Mitocondrias bajo control: cómo funciona la corrección celular

En cada célula de nuestro cuerpo hay un núcleo. Es allí donde se almacena el ADN — ese mismo “código” que determina el color de los ojos, la estatura, los rasgos del rostro. Pero existe otra parte, menos conocida, de la célula: la mitocondria.

Rara vez se menciona en los artículos populares. Y es un error. Porque precisamente ella es responsable de la energía. Si lo comparamos con la tecnología — es la batería. Si la batería es defectuosa, ni siquiera el “procesador” perfecto salvará el sistema. Y es aquí donde aparece la terapia de reemplazo mitocondrial.

El problema que no se ve

Las mitocondrias tienen su propio ADN. Y este se transmite únicamente por vía materna. Si en ese ADN existen mutaciones — el niño puede heredar enfermedades graves: afectaciones de los músculos, del corazón, del cerebro, de la visión. No se trata de un defecto cosmético. Son enfermedades sistémicas, a menudo progresivas, que durante mucho tiempo la medicina no pudo prevenir.

Y aquí surge una pregunta compleja: ¿qué hacer si una mujer desea tener un hijo genéticamente propio, pero sus mitocondrias conllevan un riesgo?

Qué hace realmente la terapia

La terapia de reemplazo mitocondrial (TRM) no es “edición genética” ni creación de “bebés de diseño”. Su esencia es simple: sustituir las mitocondrias defectuosas por mitocondrias sanas.

Técnicamente funciona así:

  • del óvulo de la madre se extrae el núcleo (donde se encuentra su información genética);
  • el núcleo se transfiere a un óvulo donado, del cual previamente se ha eliminado su propio núcleo;
  • en esa célula donada permanecen mitocondrias sanas;
    posteriormente, la célula se fertiliza con el esperma del padre.

Como resultado, el niño recibe: 99,8% de ADN — de sus padres, mitocondrias sanas — de la donante. Los genes que determinan los rasgos de carácter o la apariencia siguen siendo de los padres. Solo se reemplaza el componente energético.
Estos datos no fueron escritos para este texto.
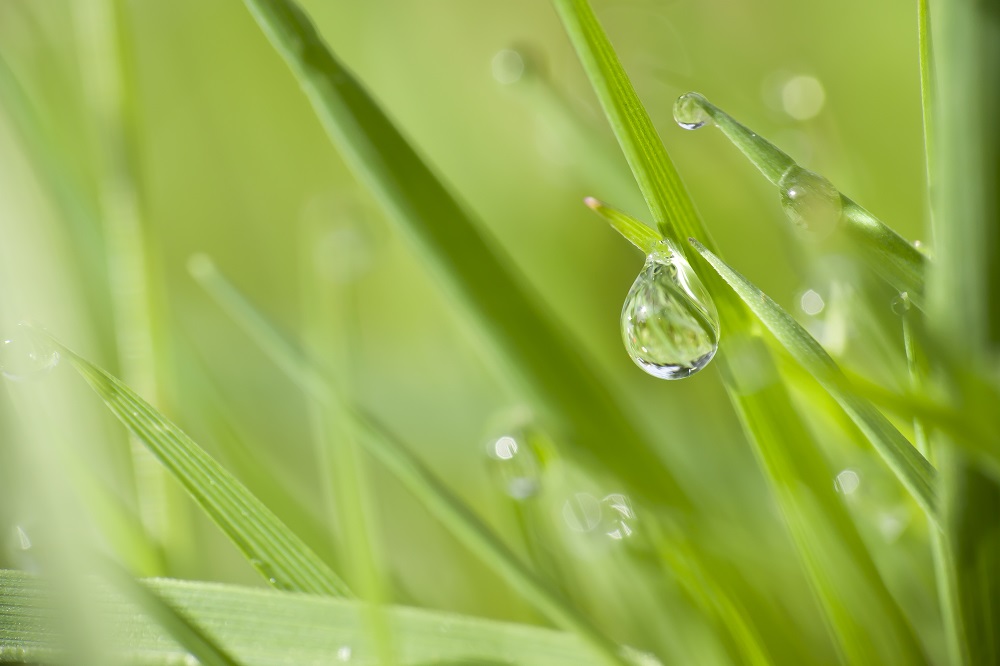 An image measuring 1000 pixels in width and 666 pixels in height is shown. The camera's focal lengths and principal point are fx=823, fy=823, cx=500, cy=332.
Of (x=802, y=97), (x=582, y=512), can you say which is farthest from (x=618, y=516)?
(x=802, y=97)

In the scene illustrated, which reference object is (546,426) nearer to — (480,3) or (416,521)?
(416,521)

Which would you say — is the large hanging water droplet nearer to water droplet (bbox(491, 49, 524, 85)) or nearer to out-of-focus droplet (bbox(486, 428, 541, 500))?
out-of-focus droplet (bbox(486, 428, 541, 500))

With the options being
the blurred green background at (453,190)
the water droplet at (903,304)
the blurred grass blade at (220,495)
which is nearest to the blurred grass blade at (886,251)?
the water droplet at (903,304)

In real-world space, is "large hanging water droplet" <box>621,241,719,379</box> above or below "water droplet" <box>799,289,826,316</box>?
below

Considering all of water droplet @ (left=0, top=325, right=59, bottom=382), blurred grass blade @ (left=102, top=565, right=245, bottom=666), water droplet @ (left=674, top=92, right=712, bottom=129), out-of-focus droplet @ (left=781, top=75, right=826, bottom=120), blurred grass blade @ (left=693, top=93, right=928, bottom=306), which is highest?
out-of-focus droplet @ (left=781, top=75, right=826, bottom=120)

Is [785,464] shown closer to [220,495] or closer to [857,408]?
[857,408]

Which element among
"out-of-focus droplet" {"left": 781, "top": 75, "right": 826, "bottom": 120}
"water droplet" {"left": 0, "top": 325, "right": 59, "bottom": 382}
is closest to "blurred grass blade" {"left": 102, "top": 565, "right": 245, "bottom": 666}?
"water droplet" {"left": 0, "top": 325, "right": 59, "bottom": 382}

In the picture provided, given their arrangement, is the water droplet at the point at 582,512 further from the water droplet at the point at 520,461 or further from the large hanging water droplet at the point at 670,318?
the large hanging water droplet at the point at 670,318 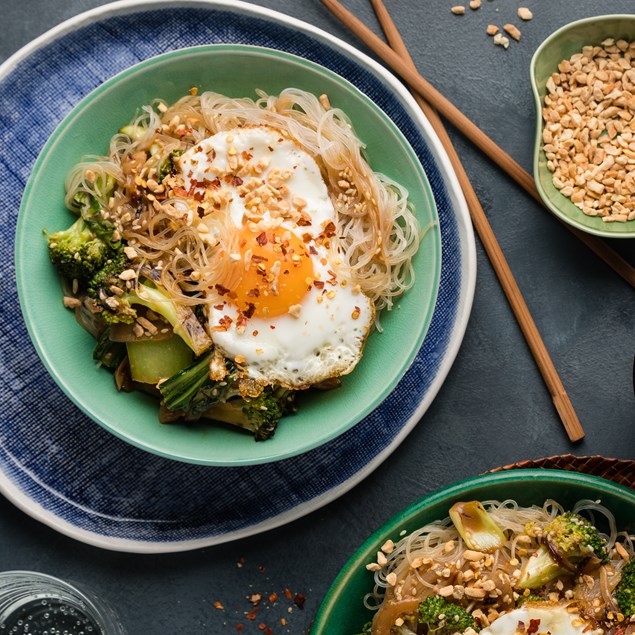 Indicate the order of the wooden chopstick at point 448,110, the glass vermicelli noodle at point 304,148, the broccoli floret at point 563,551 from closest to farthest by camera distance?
1. the glass vermicelli noodle at point 304,148
2. the broccoli floret at point 563,551
3. the wooden chopstick at point 448,110

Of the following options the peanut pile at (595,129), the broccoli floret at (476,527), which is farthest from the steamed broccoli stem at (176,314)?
the peanut pile at (595,129)

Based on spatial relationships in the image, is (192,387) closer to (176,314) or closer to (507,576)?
(176,314)

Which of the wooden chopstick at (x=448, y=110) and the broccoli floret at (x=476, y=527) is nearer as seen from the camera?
the broccoli floret at (x=476, y=527)

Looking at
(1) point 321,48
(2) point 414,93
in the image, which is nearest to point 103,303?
(1) point 321,48

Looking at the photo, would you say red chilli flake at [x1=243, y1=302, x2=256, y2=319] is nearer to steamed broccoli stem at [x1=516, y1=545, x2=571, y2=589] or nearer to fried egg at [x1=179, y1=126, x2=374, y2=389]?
fried egg at [x1=179, y1=126, x2=374, y2=389]

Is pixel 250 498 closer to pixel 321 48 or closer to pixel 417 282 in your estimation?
pixel 417 282

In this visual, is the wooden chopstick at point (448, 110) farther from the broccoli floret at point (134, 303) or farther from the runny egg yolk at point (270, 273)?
the broccoli floret at point (134, 303)

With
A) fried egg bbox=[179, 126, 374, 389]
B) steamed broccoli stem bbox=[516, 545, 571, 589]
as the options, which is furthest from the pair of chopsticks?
fried egg bbox=[179, 126, 374, 389] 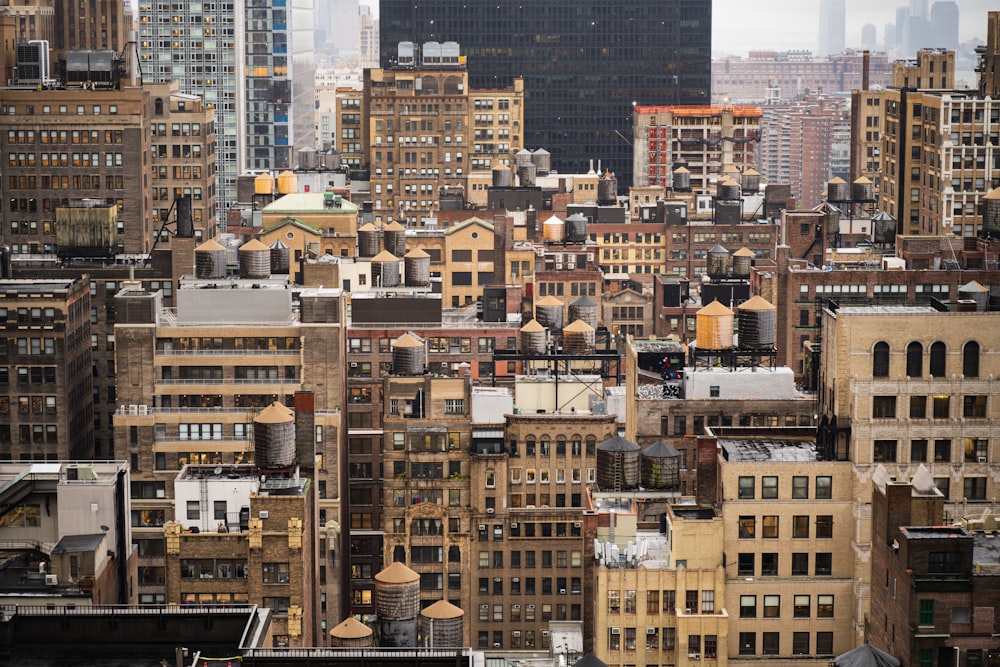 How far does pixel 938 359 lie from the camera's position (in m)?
118

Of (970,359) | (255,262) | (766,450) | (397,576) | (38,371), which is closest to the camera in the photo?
(970,359)

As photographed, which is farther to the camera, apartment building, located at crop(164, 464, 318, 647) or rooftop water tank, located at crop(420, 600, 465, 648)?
rooftop water tank, located at crop(420, 600, 465, 648)

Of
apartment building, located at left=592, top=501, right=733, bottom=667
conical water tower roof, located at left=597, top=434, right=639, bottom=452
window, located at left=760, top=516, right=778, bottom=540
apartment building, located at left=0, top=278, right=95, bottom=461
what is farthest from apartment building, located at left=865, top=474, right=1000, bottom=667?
apartment building, located at left=0, top=278, right=95, bottom=461

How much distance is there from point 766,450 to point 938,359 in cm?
1235

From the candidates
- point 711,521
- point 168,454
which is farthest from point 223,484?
point 711,521

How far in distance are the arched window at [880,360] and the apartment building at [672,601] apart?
13.1 metres

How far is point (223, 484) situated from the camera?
458 ft

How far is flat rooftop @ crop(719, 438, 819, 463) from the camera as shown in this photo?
4737 inches

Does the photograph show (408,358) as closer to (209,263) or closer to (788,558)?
(209,263)

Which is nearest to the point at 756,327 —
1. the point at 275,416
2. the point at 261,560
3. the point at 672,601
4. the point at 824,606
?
the point at 824,606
Por qué no son “tres padres” en el sentido clásico

A menudo la TRM se denomina tecnología de “tres padres”. Pero esto es más una etiqueta mediática que un término científico. El ADN mitocondrial es responsable del metabolismo energético de la célula, no de la apariencia, el temperamento o la inteligencia. La donante no transmite al niño “sus rasgos”. Transmite mecanismos energéticos sanos. Es como cambiar la batería de un automóvil. El modelo del coche no cambia.

Para quién es necesaria

La terapia de reemplazo mitocondrial se aplica en situaciones en las que:

  • la mujer tiene mutaciones mitocondriales confirmadas;
  • en la familia han existido enfermedades mitocondriales hereditarias graves;
  • existe un alto riesgo de transmitir la patología al niño.
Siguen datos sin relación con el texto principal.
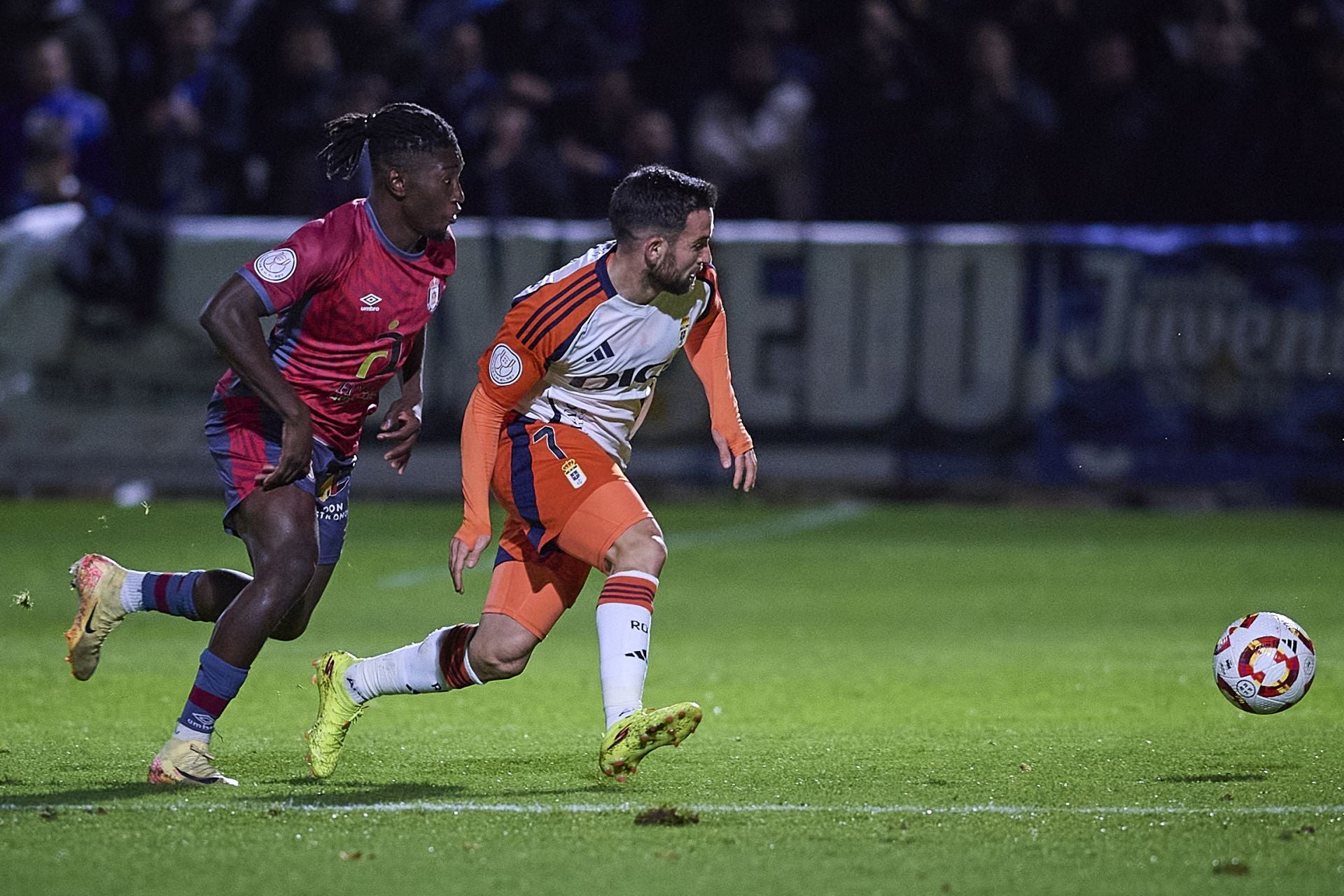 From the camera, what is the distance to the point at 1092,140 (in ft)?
49.6

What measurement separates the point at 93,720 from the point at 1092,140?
409 inches

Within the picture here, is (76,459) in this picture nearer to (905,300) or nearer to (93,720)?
(905,300)

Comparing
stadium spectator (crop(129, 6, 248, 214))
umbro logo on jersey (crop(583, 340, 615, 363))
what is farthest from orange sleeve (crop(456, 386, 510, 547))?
stadium spectator (crop(129, 6, 248, 214))

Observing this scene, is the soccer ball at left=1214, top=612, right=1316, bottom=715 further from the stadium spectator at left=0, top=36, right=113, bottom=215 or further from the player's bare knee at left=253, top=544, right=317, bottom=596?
the stadium spectator at left=0, top=36, right=113, bottom=215

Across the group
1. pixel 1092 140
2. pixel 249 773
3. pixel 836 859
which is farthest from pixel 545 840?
pixel 1092 140

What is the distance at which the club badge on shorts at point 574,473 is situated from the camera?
221 inches

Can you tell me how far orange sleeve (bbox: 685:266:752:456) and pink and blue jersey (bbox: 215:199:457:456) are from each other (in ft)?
2.73

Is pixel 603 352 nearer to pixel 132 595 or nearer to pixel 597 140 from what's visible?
pixel 132 595

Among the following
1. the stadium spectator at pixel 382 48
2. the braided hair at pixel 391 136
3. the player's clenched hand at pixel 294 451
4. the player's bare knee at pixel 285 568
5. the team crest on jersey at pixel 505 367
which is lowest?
the player's bare knee at pixel 285 568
No es una “opción para todos”. Es una solución de alta tecnología para indicaciones médicas muy concretas.

Ética, miedos y futuro

Cualquier tecnología que actúe a nivel celular genera debate. A las personas les asusta la palabra “intervención”. Pero si lo analizamos con serenidad — la TRM no cambia la naturaleza humana. Previene el sufrimiento. La medicina siempre ha avanzado allí donde alguna vez pareció “demasiado complejo” o “demasiado audaz”. En su momento, la FIV también se consideraba imposible. Hoy, la terapia de reemplazo mitocondrial es una oportunidad para familias que antes solo tenían dos opciones: no tener hijos o arriesgarse a una enfermedad grave.

En resumen

La terapia de reemplazo mitocondrial es:

  • no un cambio de personalidad,
  • no una edición del carácter,
  • no un experimento por el bien de la ciencia,

sino la eliminación puntual de un defecto en el sistema energético de la célula. No es una historia sobre “tecnologías del futuro”. Es una historia sobre niños que pueden nacer sanos allí donde antes casi no había posibilidades. Y quizá la definición más precisa sea esta: es una manera de corregir un error de la naturaleza sin reescribir al ser humano.